A rough square of aircraft fabric featuring a black German Balkenkreuz bordered by white, all on a red painted background. The black cross and its white border are unevenly painted and do not match each other. There is evidence of multiple white and black paint coats, as there is with the red paint. The reverse of the fabric shows evidence of black, red and green paint and possibly dope. The fabric has been removed from the aircraft in a rough square shape approximating the Balkenkreuz, but has cut though the lower end of one of the crosses. The approximate centreline of the Balkenkreuz coincides with a double folded sewn seam. This appears to be where the square of fabric has been repeatedly folded and is thus fragile at this point. Most of the paint is crazed or cracked. Thread count 22 threads/cm x 22 threads/cm.

It is clear that the Balkenkreuz has been applied 'in the field' over an existing Cross Pattee. The tips of the latter are clearly visible. This would have been done in early April 1918, when the German Air force transitioned from the Cross Pattee to the Balkankreuz. This is a good example of a palimpsest - an item that has been re-worked or over-written to serve another purpose.

History / Summary

This square of fabric was recovered from von Richthofen's crashed triplane a few minutes after the crash by Lieutenant George M Travers, MC, 49 Battalion. He related his account of events for Smith's Weekly on August 25 1934, with the narrative commencing from the point where he was lying on Corbie Hill with a pair of binoculars, watching two planes approach from 2-3 miles (about 5 kilometres) away. One was Lt Wilfred May's Sopwith Camel - the other Richthofen's Fokker Triplane.

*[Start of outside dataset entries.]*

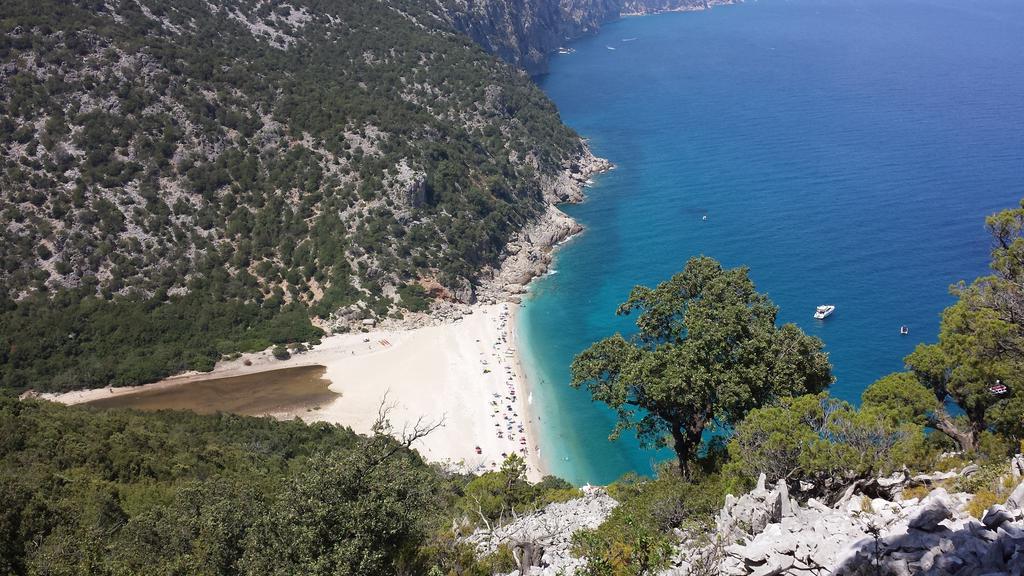 Appartamento Mariolu 3 Санта-Марія-Наваррезе Екстер'єр фото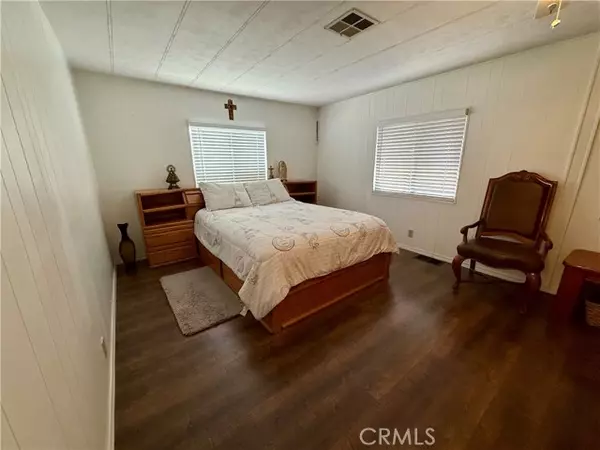 La Verne, CA 91750,2755 Arrow Hwy #111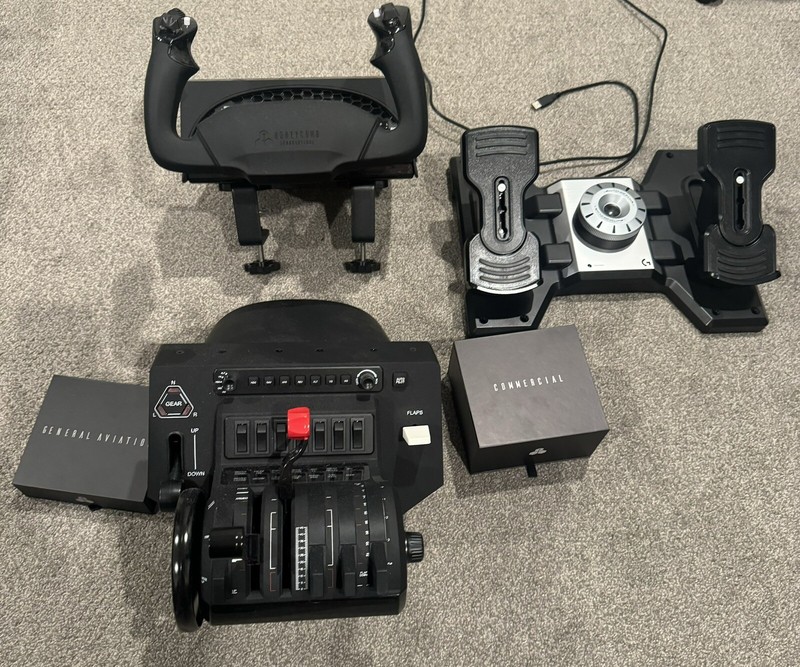 Honeycomb Alpha Flight Controls Yoke with Bravo Throttle Quadrant Bundle - Black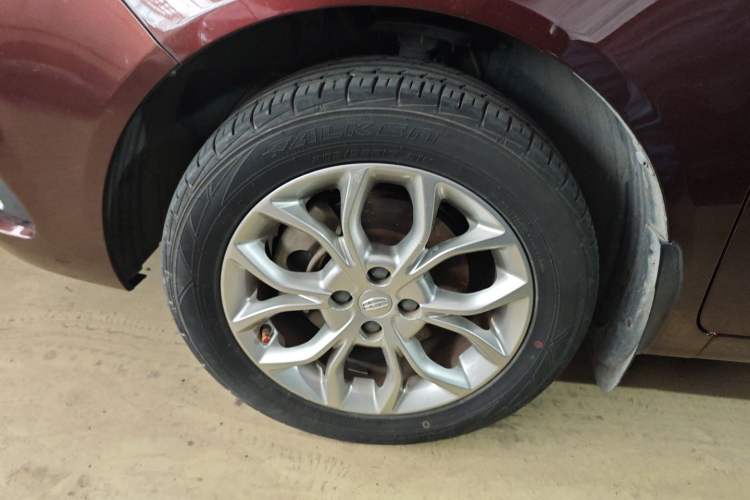 Used Geely Auto Vision 2018 1.5L Automatic Happiness Edition Left Front Wheel Hub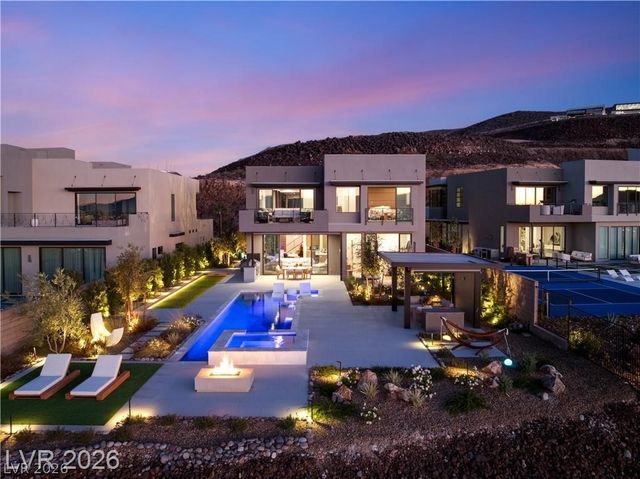 571 Overlook Rim Drive, Henderson, NV 89012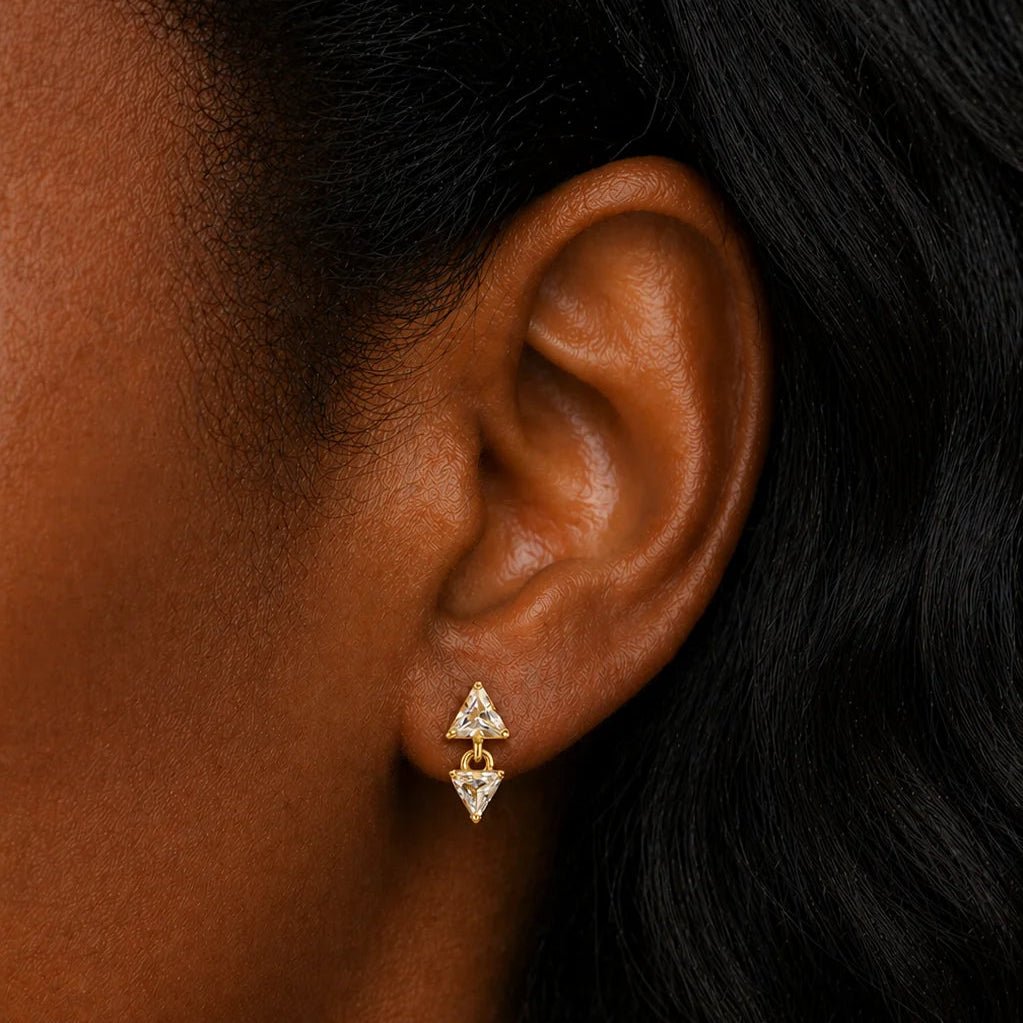 Piercing Floating Pyramid Oro - Piedra de Toque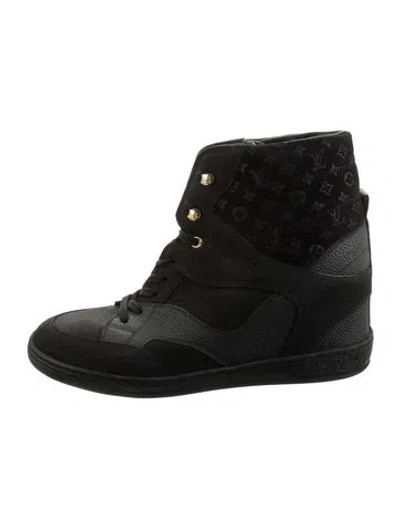 Pre-owned Louis Vuitton Leather Wedge Sneakers In Black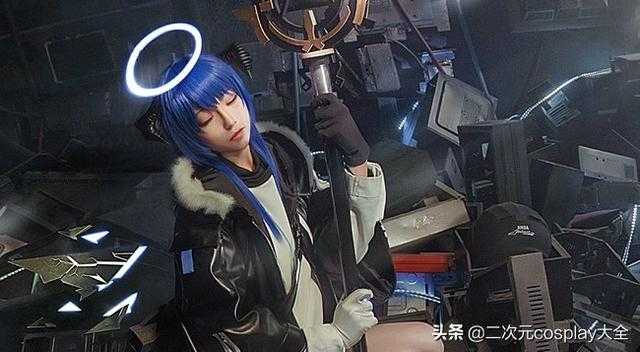 《明日方舟》莫斯提马cos，俊俏帅气，这美貌也太迷人了吧-15.jpg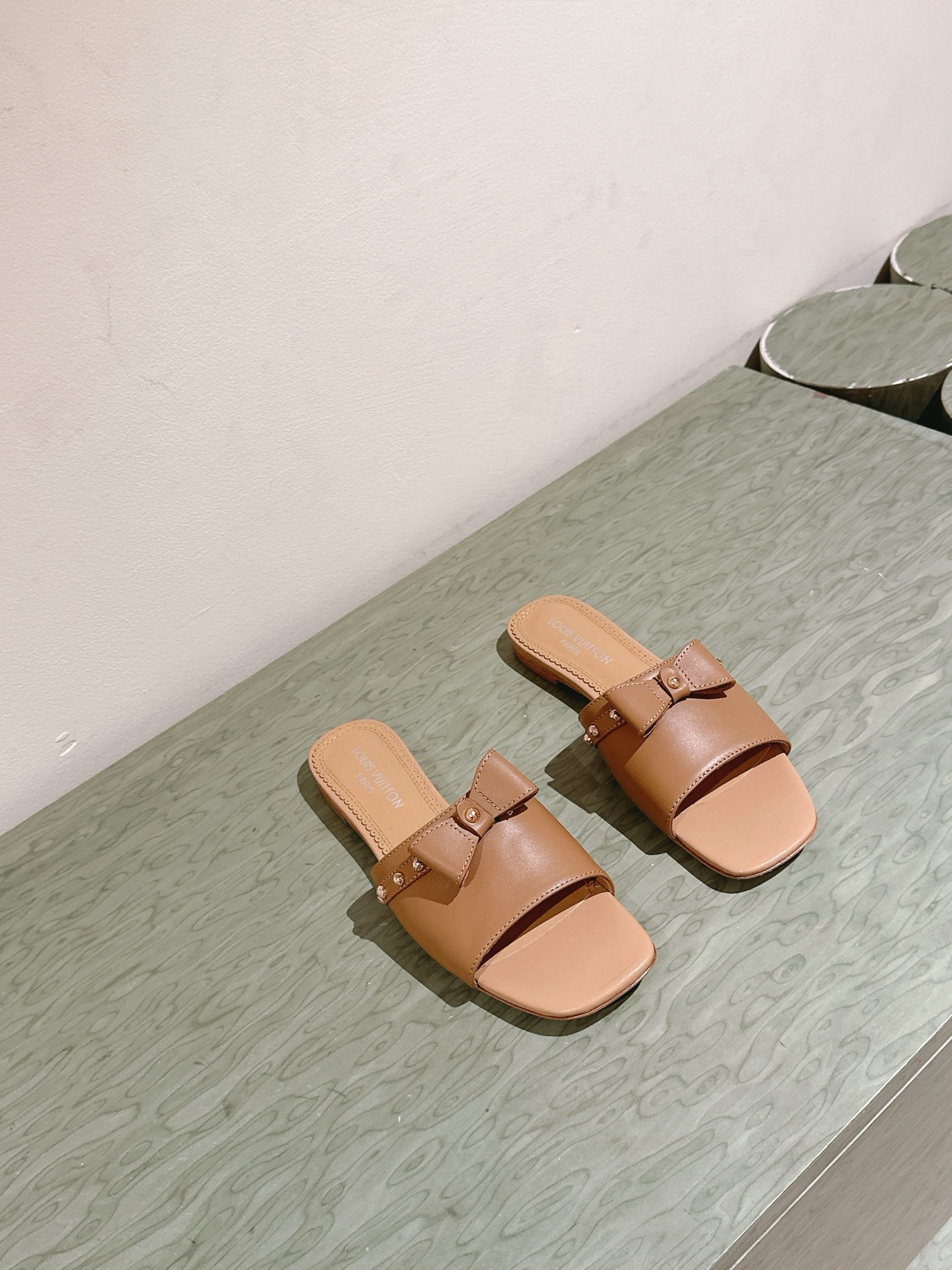 루*비통 신상 new arrival 슬리퍼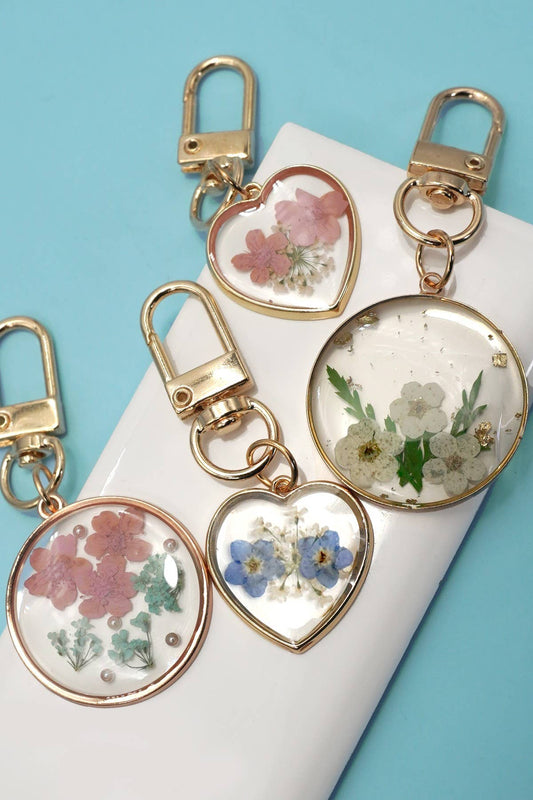 BAG CHARM-PRESSED DRIED FLOWER HEART ROUND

"My runner, Private Webber, was with me and I had the two planes in view, coming straight towards us, for 2 or 3 miles. They came straight along the line of the Somme to Corbie Hill. Richthofen was very close to the tail of the other plane and firing at it when he was within a few hundred yards of us.

"Just then a machine gun down below us fired three of four bursts and Richthofen's plane seemed to turn on its side, right itself again, then swerve sharply to the right and swoop gradually to the ground, landing about half a mile away.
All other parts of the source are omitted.